The name Chris has been used for seven tropical cyclones in the Atlantic Ocean.
 Tropical Storm Chris (1982), made landfall at Sabine Pass and caused widespread flooding as far inland as Tennessee, but total damage was low.
 Tropical Storm Chris (1988), caused three deaths in Puerto Rico then made landfall near Savannah, Georgia, killing one in South Carolina; monetary damage was minor.
 Hurricane Chris (1994), a Category 1 hurricane that formed in mid-Atlantic, brushed Bermuda as a tropical storm, then continued north; no significant damage.
 Tropical Storm Chris (2000), formed several hundred miles east of the Lesser Antilles, but dissipated a day later; no damage was reported.
 Tropical Storm Chris (2006), formed about 160 miles (260 km) east of the Leeward Islands; minimal damage was reported.
 Hurricane Chris (2012), a Category 1 hurricane that affected Bermuda.
 Hurricane Chris (2018), a Category 2 hurricane which formed off the coast of North Carolina.

The name Chris has also been used for three tropical cyclones in the Southern Hemisphere.

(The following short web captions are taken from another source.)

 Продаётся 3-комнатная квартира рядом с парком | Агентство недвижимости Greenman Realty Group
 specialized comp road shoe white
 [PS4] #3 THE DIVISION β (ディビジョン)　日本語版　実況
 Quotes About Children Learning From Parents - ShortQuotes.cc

 Cyclone Chris (1982), one of the strongest tropical cyclones in the Indian Ocean on record. 
 Cyclone Chris (1991), a cyclone that formed off the coast of Western Australia.
 Cyclone Chris (2002), landfall to the east of Port Hedland, Western Australia; caused some inland flooding.

The name Chris was also used for one tropical storm in the Western Pacific Ocean.
 Tropical Storm Chris (1948), a tropical storm which formed near the Ryukyu Islands but eventually did not affect land.